* _GIVEN RECORDS_:
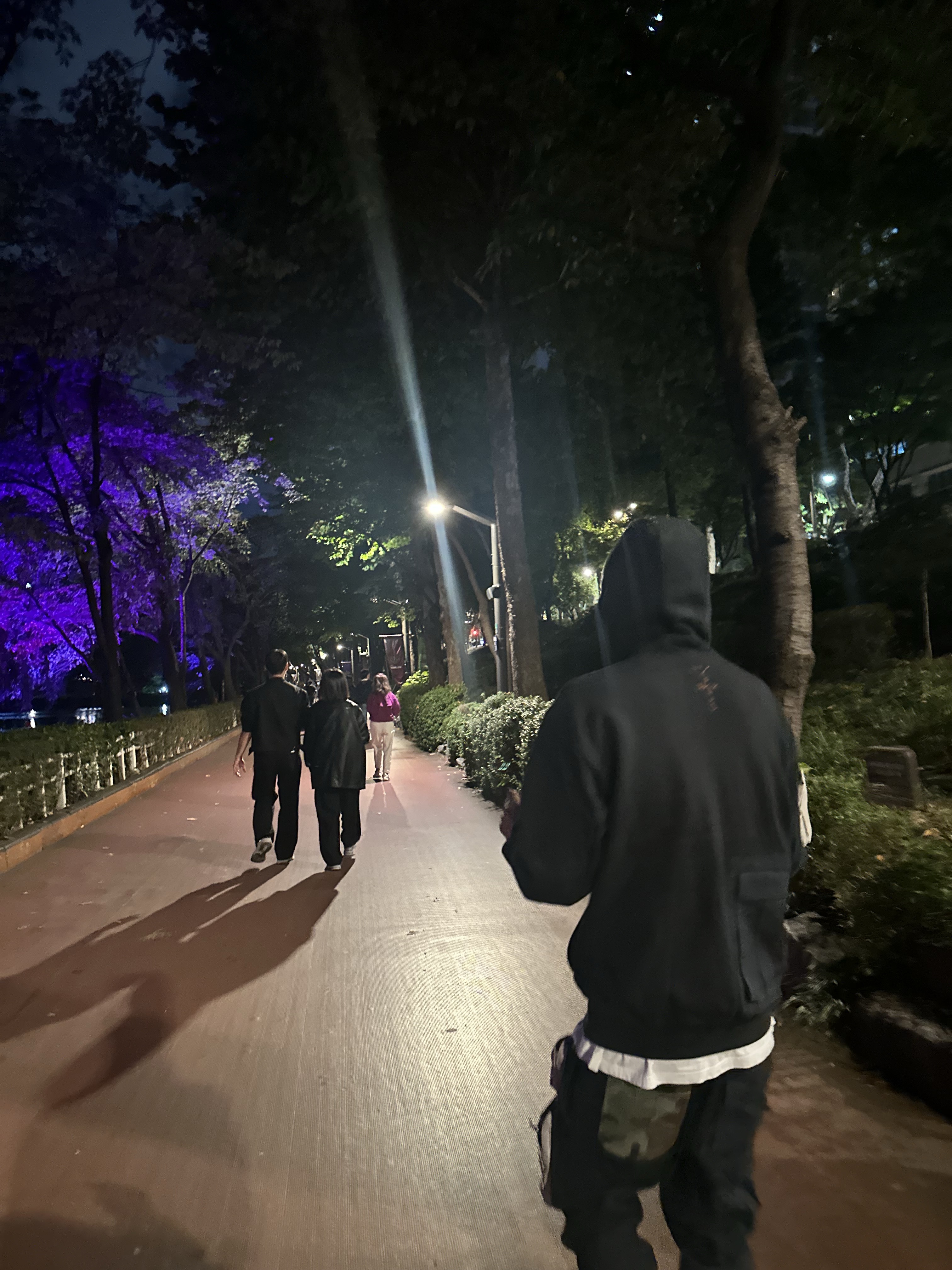 Jordan 1 Retro High OG University Blue, Nike x Travis Scott NRG AG Utility Sweatpants Black 착용 스타일 - 9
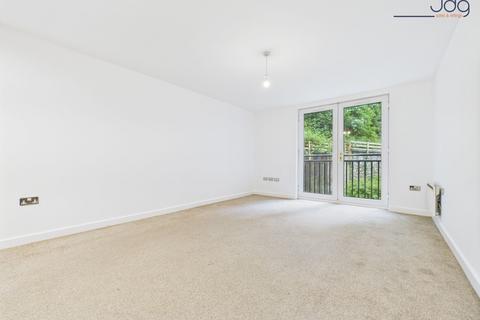 2 bedroom flat for sale, Lune Square, St Georges Quay | A stylish 2 bed apartment with tree lined views
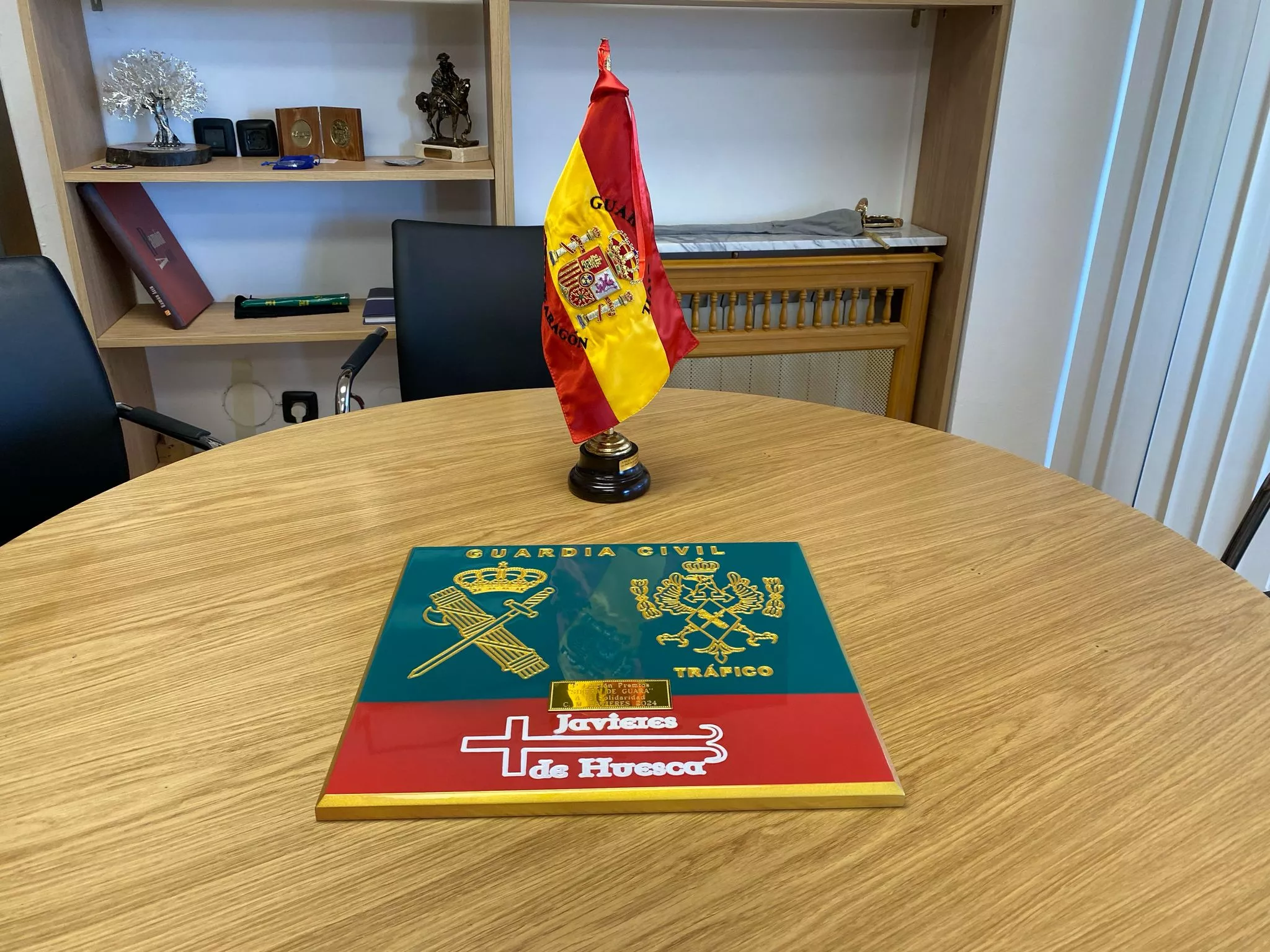 Entrega del Premio Sierra de Guara del Club Javieres a la Guardia Civil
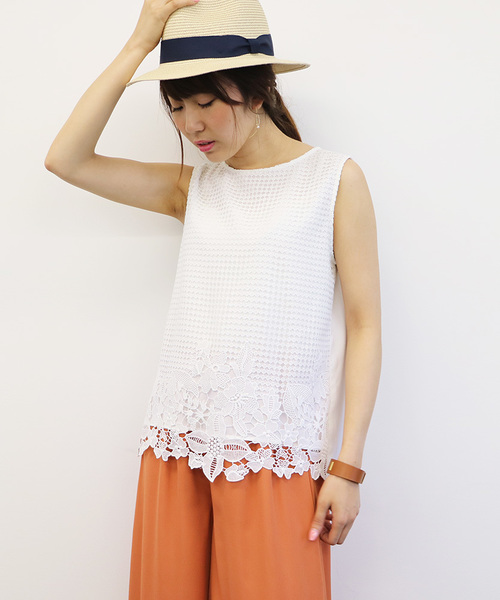 N.(N. Natural Beauty Basic)(エヌエヌナチュラルビューティーベーシック)の「フラワーレーススカラップブラウス(シャツ/ブラウス・レディース・ホワイト/ネイビー/オレンジ・MEDIUM)」の4枚目の写真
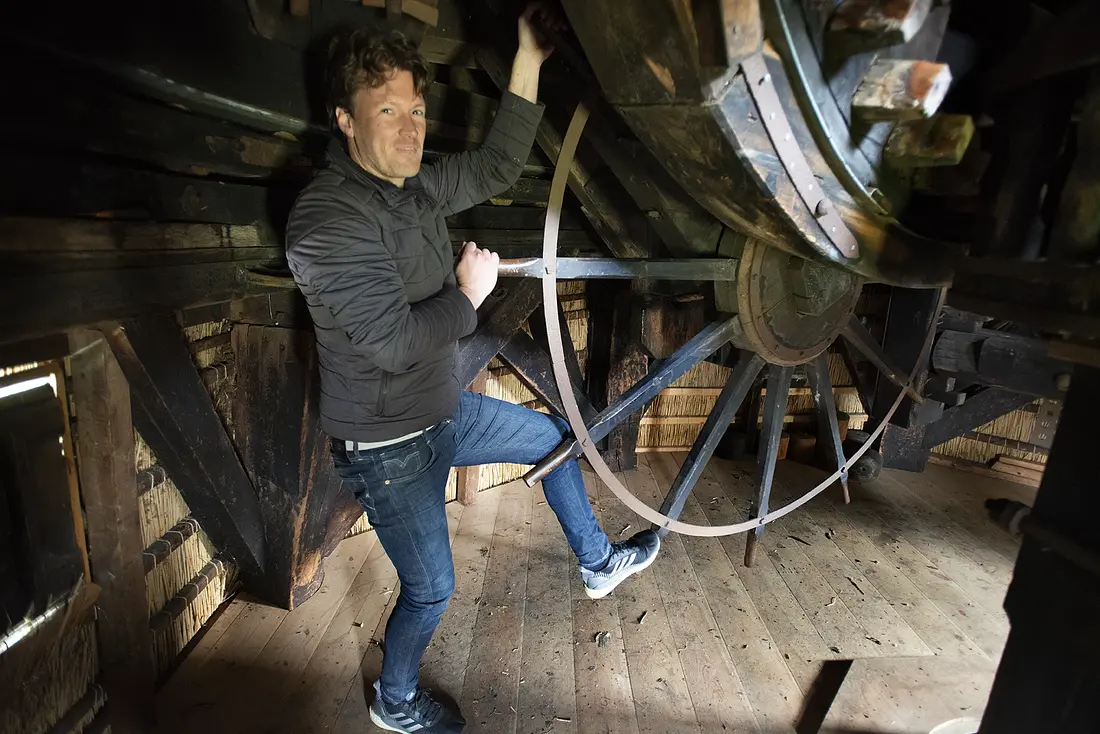 22, Molen 01156 Molen van de Zuidpolder (Edam), BB (9-4-2022)Daarom heet dit type molen een 'binnenkruier'. Mark Ravesloot kruit de Molen van de Zuidpolder binnen in de kap. | Database Nederlandse molens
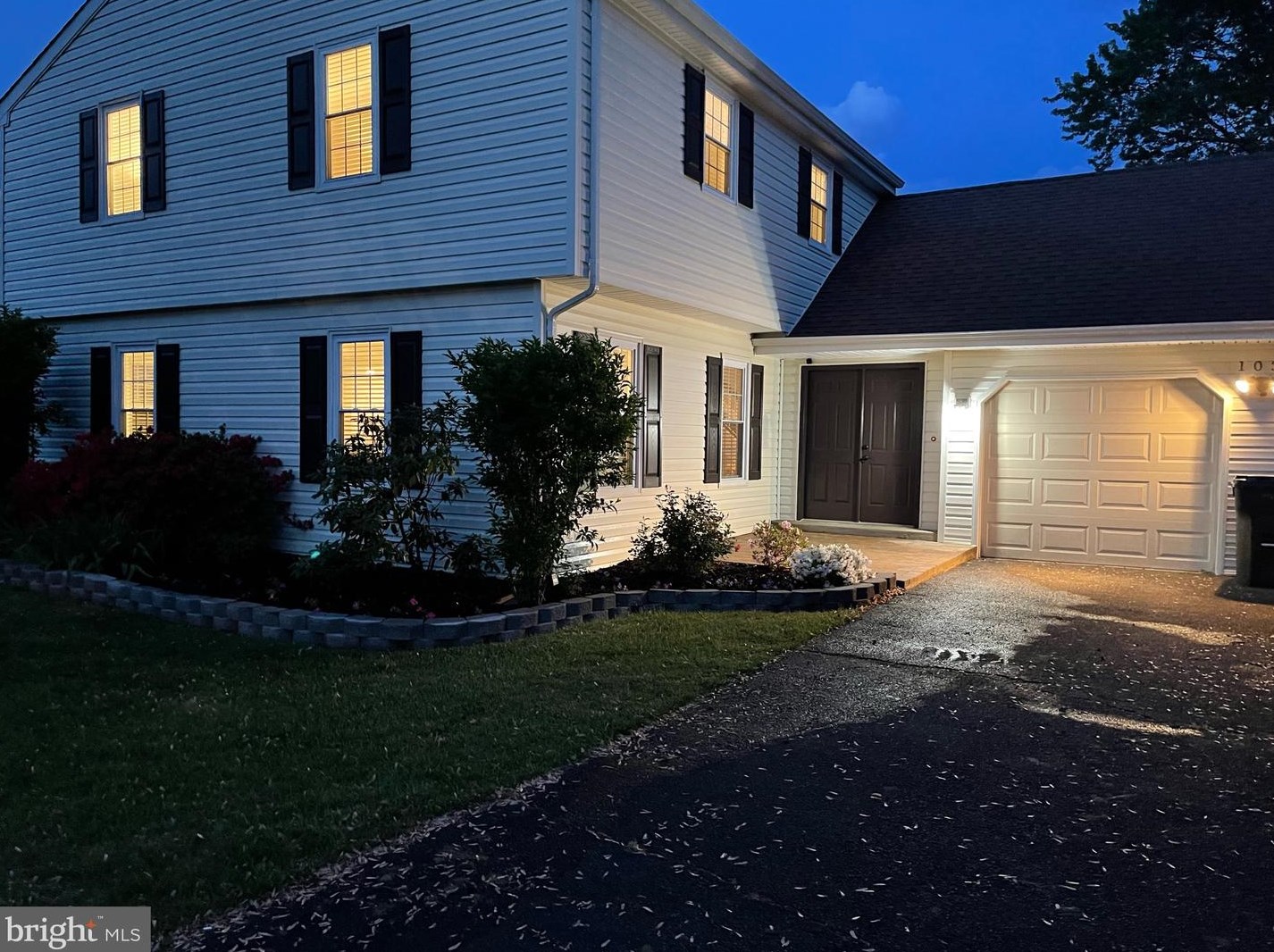 103 Cherry Tree Ct, Dulles VA  20164-2402 exterior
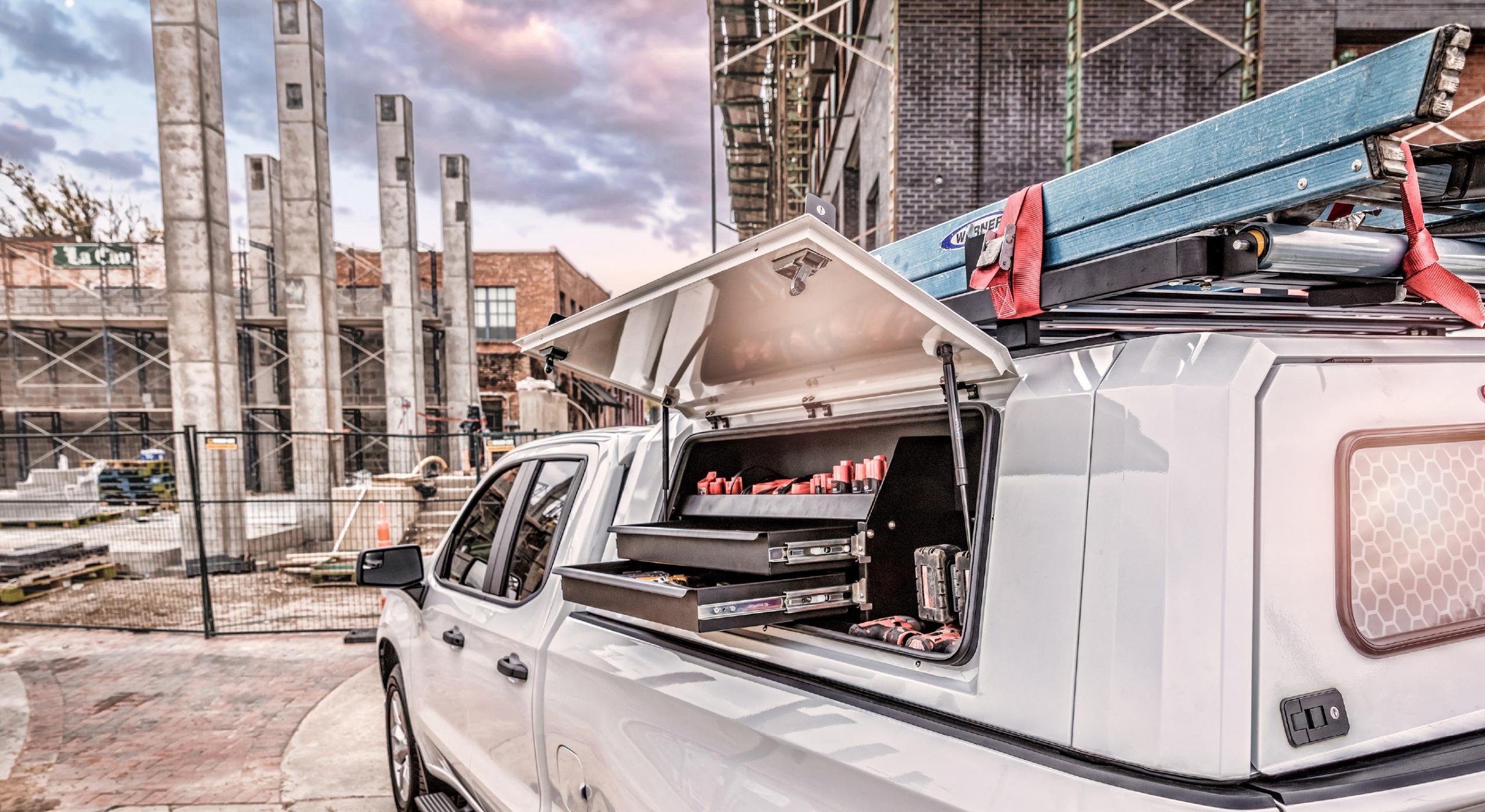 Tacoma Truck Bed Cap SmartCap EVOc Commercial White For 24-26 Toyota Tacoma 5 Foot Standard Bed RSI SmartCap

* _PROBLEM TO SOLVE_: The pictures in the entries should be left out; output everything else exactly.

* _TASK OUTPUT_:
 Jordan 1 Retro High OG University Blue, Nike x Travis Scott NRG AG Utility Sweatpants Black 착용 스타일 - 9
 2 bedroom flat for sale, Lune Square, St Georges Quay | A stylish 2 bed apartment with tree lined views
 Entrega del Premio Sierra de Guara del Club Javieres a la Guardia Civil
 N.(N. Natural Beauty Basic)(エヌエヌナチュラルビューティーベーシック)の「フラワーレーススカラップブラウス(シャツ/ブラウス・レディース・ホワイト/ネイビー/オレンジ・MEDIUM)」の4枚目の写真
 22, Molen 01156 Molen van de Zuidpolder (Edam), BB (9-4-2022)Daarom heet dit type molen een 'binnenkruier'. Mark Ravesloot kruit de Molen van de Zuidpolder binnen in de kap. | Database Nederlandse molens
 103 Cherry Tree Ct, Dulles VA  20164-2402 exterior
 Tacoma Truck Bed Cap SmartCap EVOc Commercial White For 24-26 Toyota Tacoma 5 Foot Standard Bed RSI SmartCap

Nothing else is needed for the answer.